Like desire, language disrupts, refuses to be contained within boundaries. It speaks itself against our will, in words and thoughts that intrude, even violate the most private spaces of mind and body. It was in my first year of college that I read Adrienne Rich’s poem, “The Burning of Paper Instead of Children.” That poem, speaking against domination, against racism and class oppression, attempts to illustrate graphically that stopping the political persecution and torture of living beings is a more vital issue than censorship, than burning books. One line of this poem that moved and disturbed something within me: “This is the oppressor’s language yet I need it to talk to you.” I’ve never forgotten it. Perhaps I could not have forgotten it even if I tried to erase it from memory. Words impose themselves, lake root in our memory against our will. The words of this poem begat a life in my memory that I could not abort or change.

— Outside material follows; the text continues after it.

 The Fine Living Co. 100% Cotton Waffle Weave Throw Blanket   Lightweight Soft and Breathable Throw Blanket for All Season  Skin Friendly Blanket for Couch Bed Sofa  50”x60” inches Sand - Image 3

When I find myself thinking about language now, these words are there, as if they were always waiting to challenge and assist me. I find myself silently speaking them over and over again with the intensity of a chant. They startle me, shaking me into an awareness of the link between languages and domination. Initially, I resist the idea of the “oppressor’s language,” certain that this construct has the potential to disempower those of us who are just learning to speak, who are just learning to claim language as a place where we make ourselves subject. “This is the oppressor’s languages yet I need it to talk to you.” Adrienne Rich’s words. Then, when I first read these words, and now, they make me think of standard English, of learning to speak against black vernacular, against the ruptured and broken speech of a dispossessed and displaced people. Standard English is not the speech of exile. It is the language of conquest and domination; in the United States, it is the mask which hides the loss of so many tongues, all those sounds of diverse, native communities we will never hear, the speech of the Gullah, Yiddish, and so many other unremembered tongues.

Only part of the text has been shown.